Joel M. LeMon (Ph.D., Emory University) is Associate Professor of Old Testament at Candler School of Theology, Emory University, Atlanta, Georgia. He is a conservatory-trained musician who views music as a tool for engaging with Scripture. LeMon’s research focuses on the Psalms, Hebrew and Ugaritic poetry, and ancient Near Eastern history, literature, and art. He is co-editor (with Izaak J. de Hulster), of Image, Text, Exegesis: Iconographic Interpretation and the Hebrew Bible, Library of Hebrew Bible (London: Bloomsbury T&T Clark, 2015). He authored Yahweh’s Winged Form in the Psalms: Exploring Congruent Iconography and Texts (Fribourg: Academic Press, 2010) and is co-editor of Method Matters: Essays on the Interpretation of the Hebrew Bible in Honor of David L. Petersen (Atlanta: Society of Biblical Literature, 2009).
Don E. Saliers (Ph.D., Yale University) is William R. Cannon Distinguished Professor of Theology and Worship, Emeritus, and Theologian in Residence at Candler School of Theology, Emory University, Atlanta, Georgia. For many years he directed the Master of Sacred Music program at Emory and was an organist and choirmaster at Cannon Chapel for 35 years. An accomplished musician, theologian, and scholar of liturgics, Saliers is the author of fifteen books on the relationship between theology and worship practices. He co-authored A Song to Sing, a Life to Live with his daughter Emily Saliers, a graduate of Emory University and member of the Grammy-winning folk-rock duo Indigo Girls.
Carol L. Schnabl Schweitzer (Ph.D., Princeton Theological Seminary) is Associate Professor of Pastoral Care at Union Presbyterian Seminary, Richmond, Virginia. Schweitzer is a graduate of Westminster Choir College, Princeton, New Jersey and is a conservatory-trained musician. An ordained minister in the Evangelical Lutheran Church in America, she has served as a pastor in several Pennsylvania churches. She is the author of The Stranger’s Voice: Julia Kristeva’s Relevance for a Pastoral Theology for Women Struggling with Depression, Practical Theology (New York: Peter Lang, 2010).

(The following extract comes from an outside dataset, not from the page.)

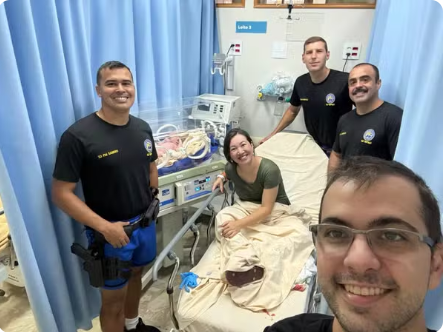 Pai faz parto do 5º filho dentro de carro em acostamento de rodovia no interior de SP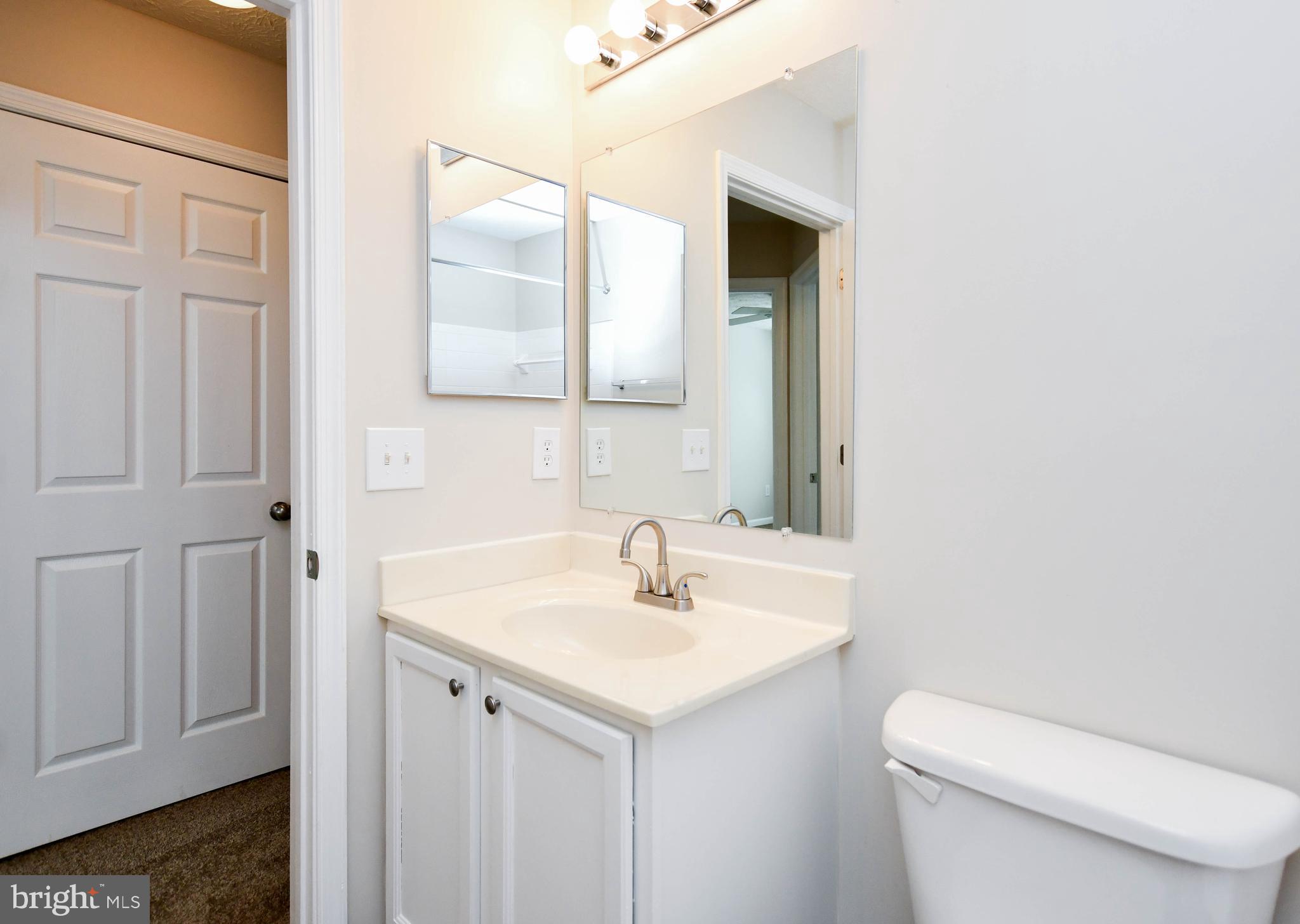 ASBURY WOODS - Residential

Zoe Sherinian (Ph.D., Wesleyan University) is Associate Professor of Ethnomusicology at the University of Oklahoma, Norman, Oklahoma. After conducting research in Tamil Nadu, India as a Fulbright Senior Research Fellow in 2008–2009, she produced and directed two documentary films: This is A Music: Reclaiming an Untouchable Drum (2011) and Sakthi Vibrations (forthcoming). She published Tamil Folk Music as Dalit Liberation Theology (Bloomington: Indiana University Press, 2013) and is presently writing a book entitled Drumming Our Liberation: The Spiritual, Cultural, and Sonic Power of the Parai Drum. As an active musician, she performs on the parai drum, mrdangam, and jazz drum set.